In this assignment you will practice in replicating famous Convolutional Neural Network Architectures that won the IMAGENET Challange using Keras and TensorFlow.

The goals of this assignment are as follows:
* understand the architecture advantages
* implement and train LeNet-5 on CIFAR-10
* implement AlexNet
* implement and train small AlexNet on CIFAR-10
* implement ZF-Net
* implement VGG Net
* implement and train small VGG on CIFAR-10
* implement and train small Inception Network on CIFAR-10
* implement and train small Residual Network on CIFAR-10

---
---
#[Part 0] Import Libraries and Load Data

---
## 1 - Import Libraries
Import required libraries

In [None]:
import numpy as np
import tensorflow as tf
import matplotlib.pyplot as plt

from tensorflow.keras import backend as K
from tensorflow.keras import Model
from tensorflow.keras.models import Sequential

from tensorflow.keras.layers import Input
from tensorflow.keras.layers import Dense, Dropout, Activation, Flatten
from tensorflow.keras.layers import Conv2D, MaxPool2D, AveragePooling2D
from tensorflow.keras.layers import BatchNormalization, Dropout, ZeroPadding2D
from tensorflow.keras.layers import GlobalAveragePooling2D

from tensorflow.keras.regularizers import l2

from tensorflow.keras.utils import to_categorical
from tensorflow.keras.utils import plot_model

%matplotlib inline

Write down your Name and Student ID

In [None]:
# ## --- start your code here ----

NIM = ??
Nama = ??

# ## --- end your code here ----

---
## 2 - Load CIFAR-10

In [None]:
(X_train_ori, y_train), (X_test_ori, y_test) = tf.keras.datasets.cifar10.load_data()
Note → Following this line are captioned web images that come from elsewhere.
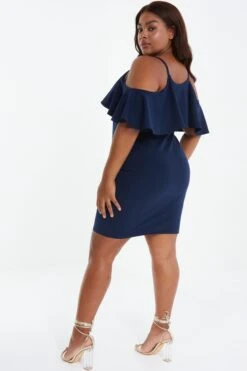 Curve Navy Frill Midi Dress -Glamourista 00100038578 XB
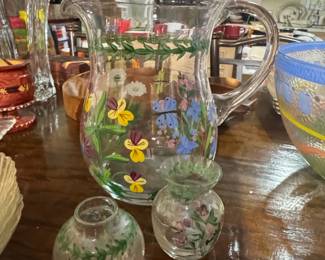 HandPainted Floral Glass Pitcher and Bud Vases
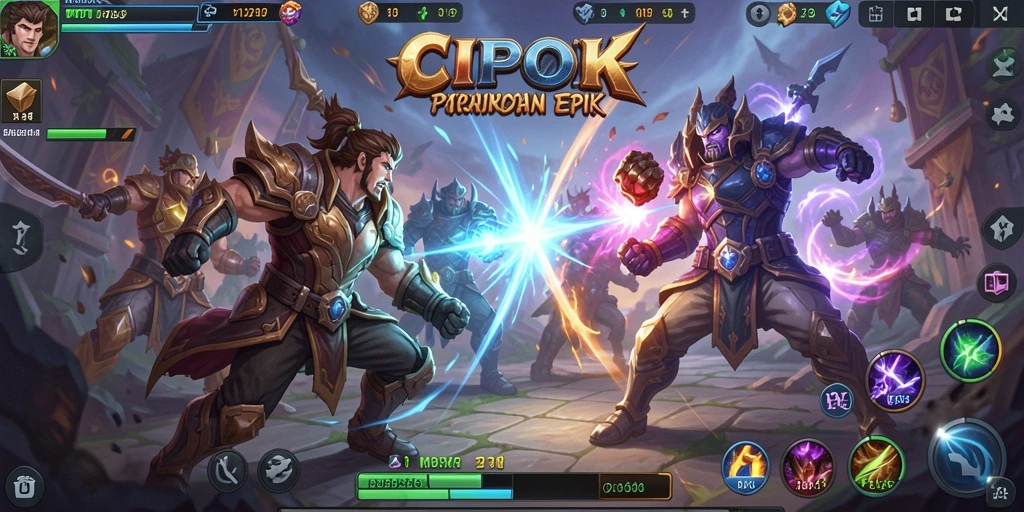Screenshot menunjukkan pertarungan seru dalam gameplay MOBA.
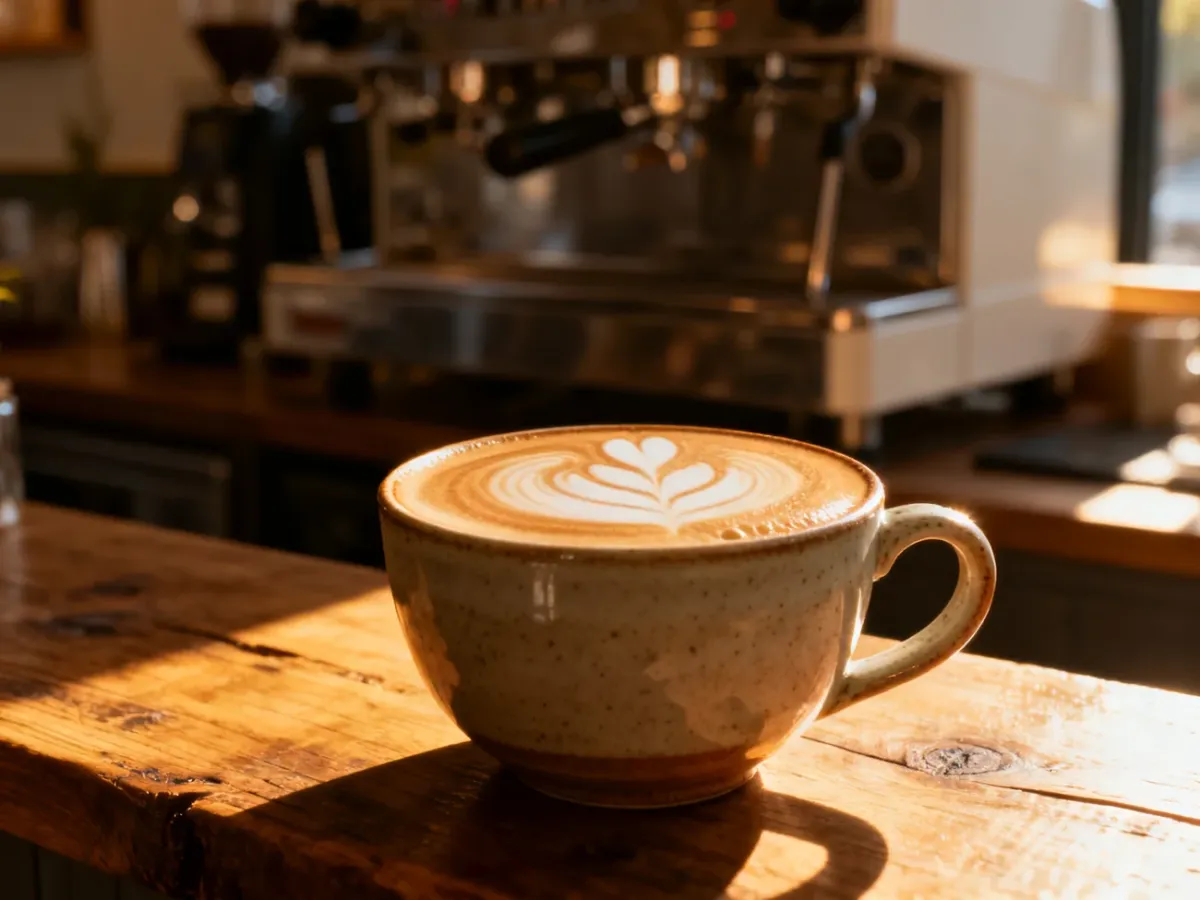 Idealnie przygotowane cappuccino z latte art w ceramicznej filiżance na drewnianym stole w przytulnej kawiarni.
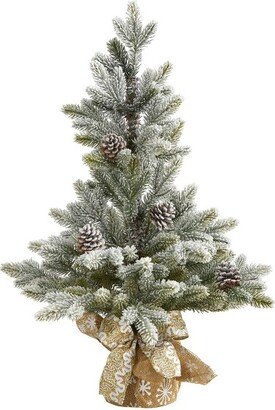 2.3' Flocked Artificial Christmas Tree with Pine Cones in burlap wrapped base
class_names = ['plane', 'car', 'bird', 'cat', 'deer', 'dog', 'frog', 'horse', 'ship', 'truck']


---
## 3 - Split Validation Data

In [None]:
X_val_ori   = X_train_ori[-10000:,:]
y_val       = y_train[-10000:]

X_train_ori = X_train_ori[:-10000, :]
y_train     = y_train[:-10000]

---
## 4 - Normalize and Reshape Data

In [None]:
X_train    = X_train_ori.astype('float32')
X_val      = X_val_ori.astype('float32')
X_test     = X_test_ori.astype('float32')

mean_image = X_train.mean(axis=(0, 1, 2), keepdims=True)
std_image  = X_train.std(axis=(0, 1, 2), keepdims=True)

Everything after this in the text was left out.